Fue Max Weber el que acuñó la distinción entre ética de las convicciones y de las responsabilidades. La primera defiende que las decisiones deben adoptarse en base a criterios morales, la segunda hace referencia a dar más peso a las consecuencias de nuestras acciones que a los principios.

Los sucesivos Gobiernos se han enfrentado a este dilema en el asunto del Sáhara Occidental desde finales de 1975 cuando, en plena agonía de Franco, el rey de Marruecos organizó la llamada Marcha Verde. Aquellos territorios estaban bajo soberanía española, pero Madrid optó por retirarse para evitar un conflicto bélico en unos momentos tan delicados. Ello supuso incumplir los compromisos políticos y jurídicos adquiridos como potencia administradora. En pocas palabras, se cedió al chantaje y se renunció a los principios.

Todo se pactó en un viaje del ministro José Solís a Rabat en el que España y el régimen alauí firmaron unos acuerdos secretos, que se tradujeron en la retirada inmediata del Sáhara. Aquella ignominiosa concesión, forzada por las circunstancias, implicó abandonar a la población local a los designios de Marruecos, que violó todas las leyes internacionales. Fue el comienzo de una larga guerra entre el Frente Polisario y el Ejército de Hasán II, padre del actual monarca.

La ONU nunca reconoció aquella anexión por la fuerza e impulsó la celebración de una consulta de autodeterminación. En 1991, el organismo internacional aprobó la creación de la Minurso, una entidad encargada de llevar a cabo el referéndum tras establecer un censo de la población. Seis años, después la ONU nombró al diplomático James Baker para ejecutar sus resoluciones, nunca aplicadas.

Desde 1976, Marruecos ha enviado a cientos de miles de ciudadanos al Sáhara y ha colonizado gran parte de su extenso territorio. Lo que ha hecho ahora Donald Trump es avalar esa política de hechos consumados contra los mandatos de la ONU y las sentencias del Tribunal de Justicia de la Unión Europea, que nunca ha reconocido la soberanía de Marruecos.

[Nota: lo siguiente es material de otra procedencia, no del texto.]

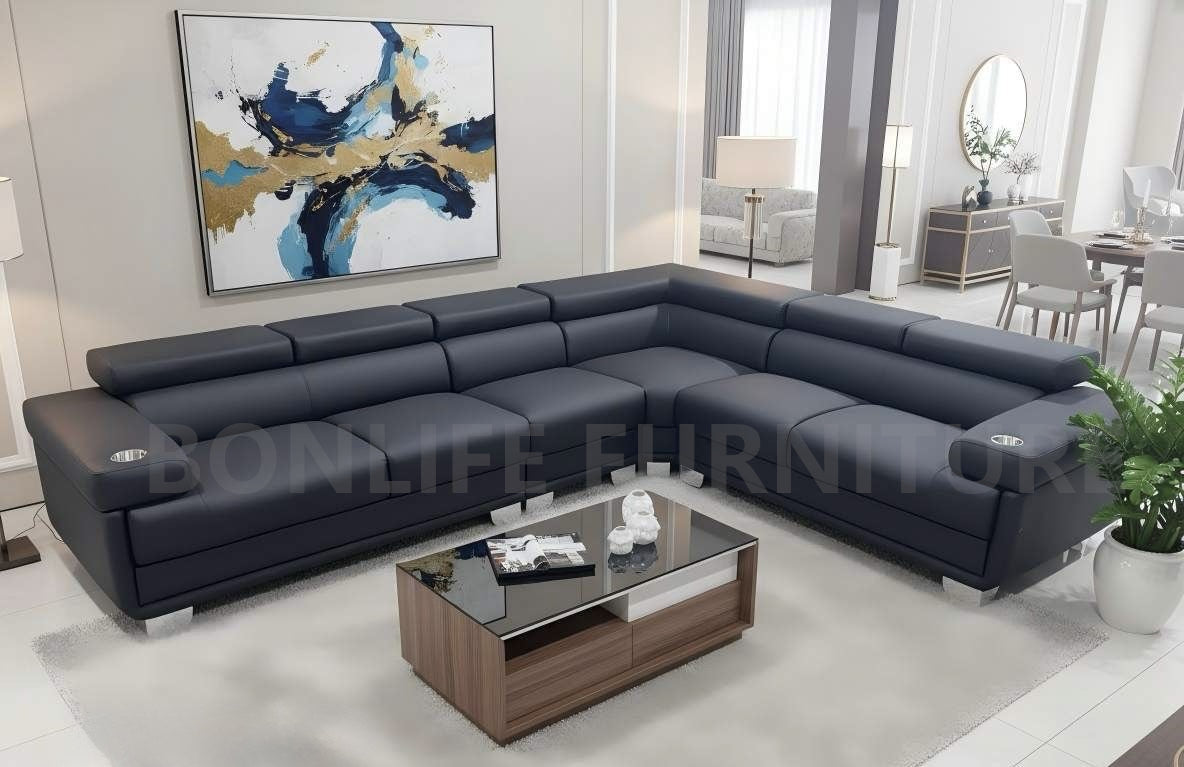 Black PU leather reversible sectional sofa with adjustable backrest, wireless charging and cup holders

La decisión de Trump ha dejado a España, y valga la expresión malsonante, con el culo al aire. Ninguno de los Gobiernos de Madrid, con la excepción del de Aznar, ha hecho nada para defender los derechos de los saharauis ni para impedir los abusos de Rabat. Y ello porque siempre ha primado el interés de aplacar al vecino y evitar problemas con la inmigración y con Ceuta y Melilla.

De aquellos polvos vienen estos lodos. España ha perdido los barcos, pero también la honra. Ni se ha sido coherente con las convicciones ni se han calculado bien las consecuencias. Un desastre político y moral que nos debería avergonzar como nación. Pero, además, un ridículo diplomático que corrobora que nuestro país carece de peso en la escena internacional. Hacerlo peor es imposible.